── EXERCISE DATA ──
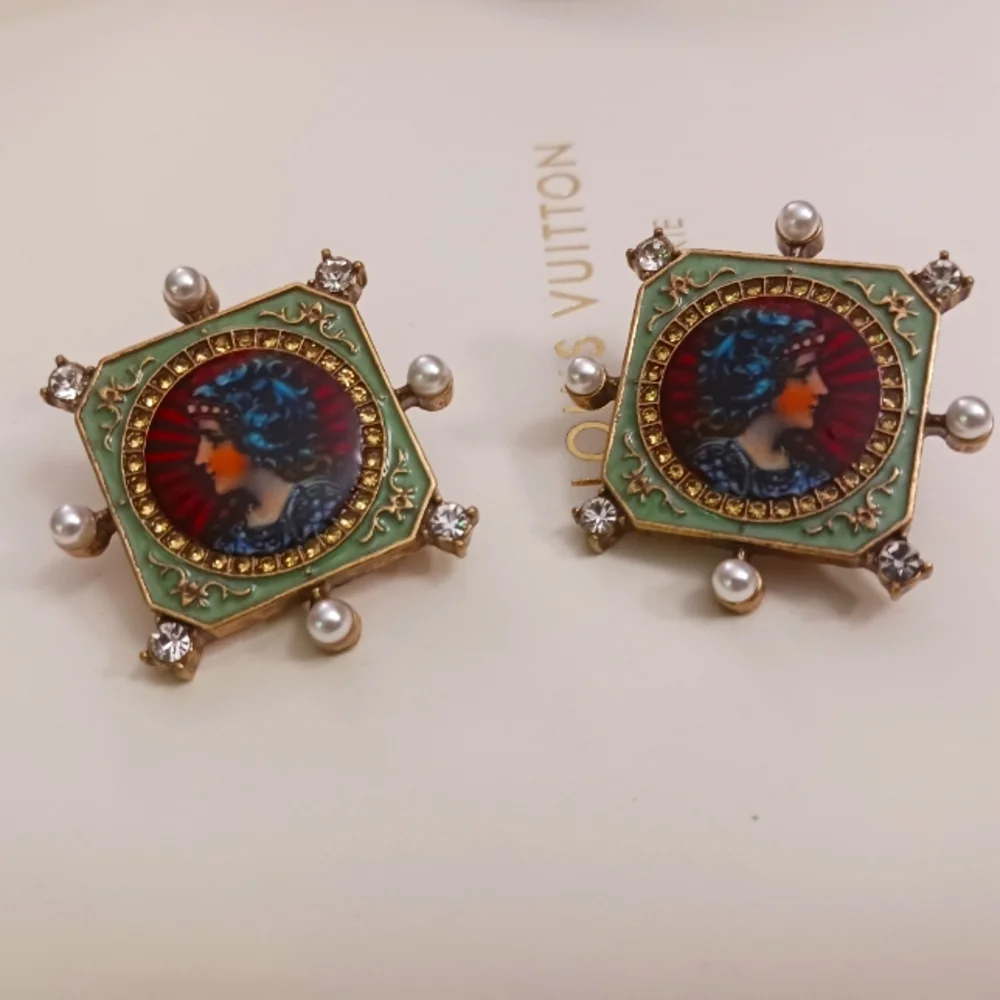 Kenneth JAY LANE Vintage-Inspired Gold and Green Earrings - Picture 1 of 9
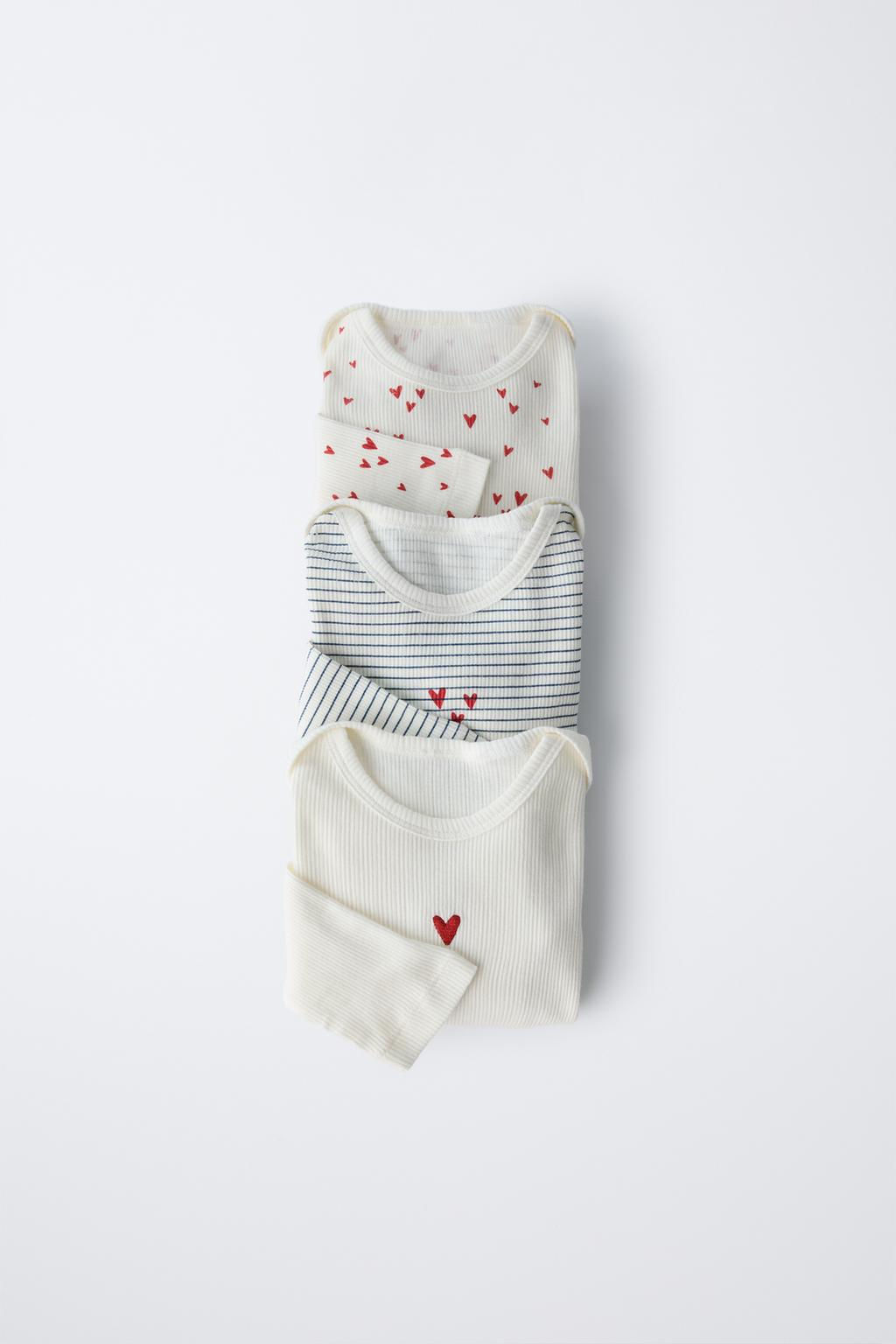 3-PACK OF HEART PRINT ROUND NECK BODYSUITS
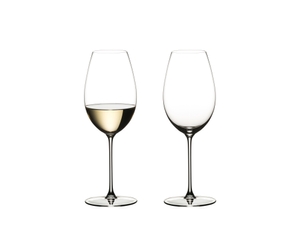 Two glasses RIEDEL Veritas Sauvignon Blanc. The glass on the left side is filled with white wine, the other one is unfilled.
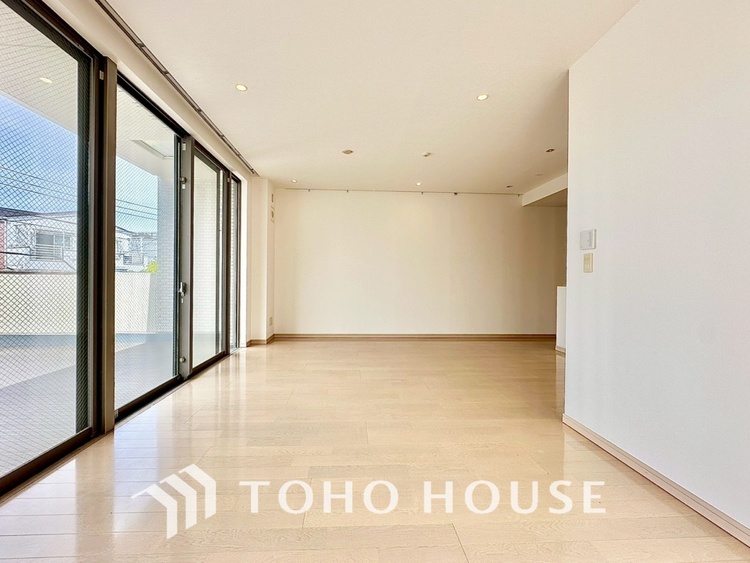 内装 現在改装中◆陽光◆が差し込む。この開放的なLDKに家族の笑顔が集う。家族が一緒に過ごす空間は明るく、そして居心地よく。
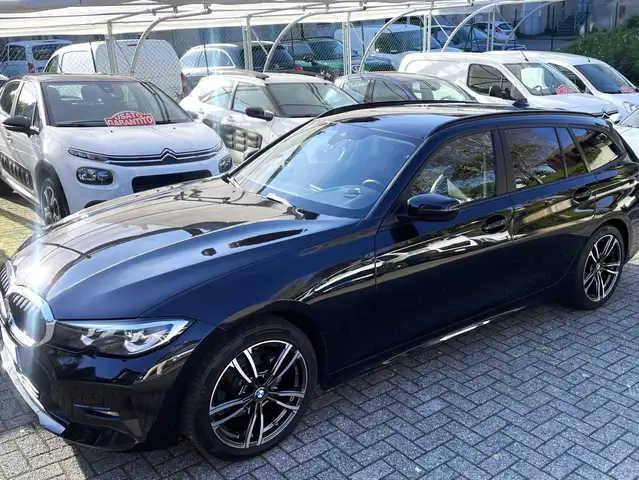 BMW 318 Touring mhev 48V Sport Auto VIRTUAL Navi LED Pelle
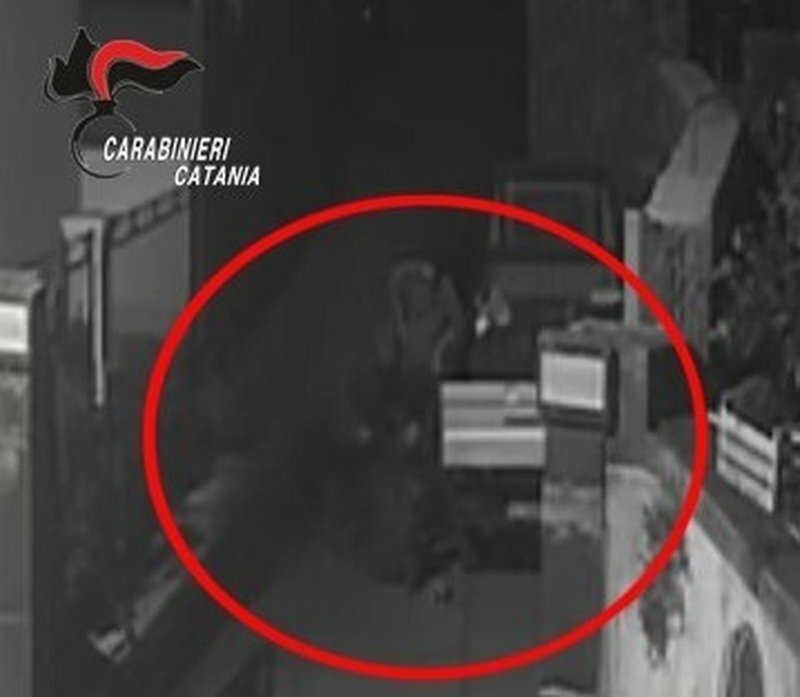 Pestato e minacciato per un debito di lavoro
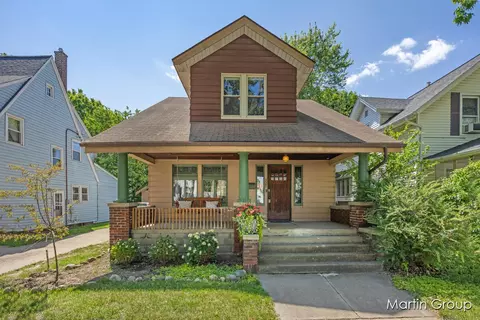927 Pine, Grand Rapids, MI 49504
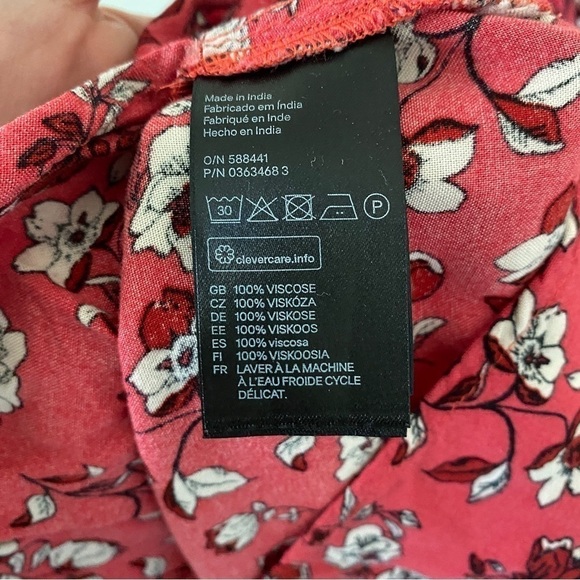 *2/$15* Floral Print Red Romper by H&M - Picture 6 of 7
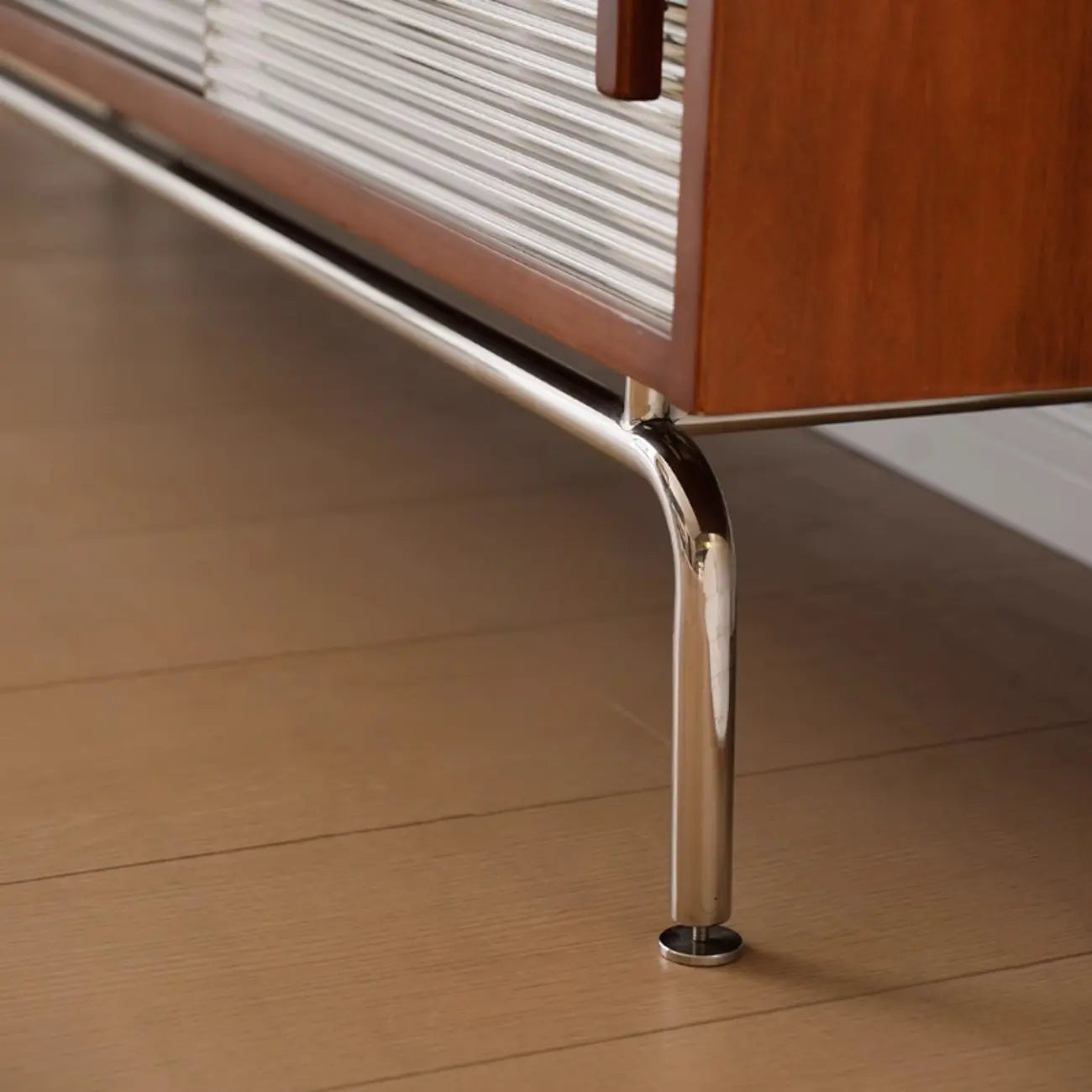 Buffet moderne avec portes coulissantes en pin et merisier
───
# [AIM OF THE TASK]
Give the entries again word for word, but skip the pictures.

# [EXERCISE RESULT]
 Kenneth JAY LANE Vintage-Inspired Gold and Green Earrings - Picture 1 of 9
 3-PACK OF HEART PRINT ROUND NECK BODYSUITS
 Two glasses RIEDEL Veritas Sauvignon Blanc. The glass on the left side is filled with white wine, the other one is unfilled.
 内装 現在改装中◆陽光◆が差し込む。この開放的なLDKに家族の笑顔が集う。家族が一緒に過ごす空間は明るく、そして居心地よく。
 BMW 318 Touring mhev 48V Sport Auto VIRTUAL Navi LED Pelle
 Pestato e minacciato per un debito di lavoro
927 Pine, Grand Rapids, MI 49504
 *2/$15* Floral Print Red Romper by H&M - Picture 6 of 7
 Buffet moderne avec portes coulissantes en pin et merisier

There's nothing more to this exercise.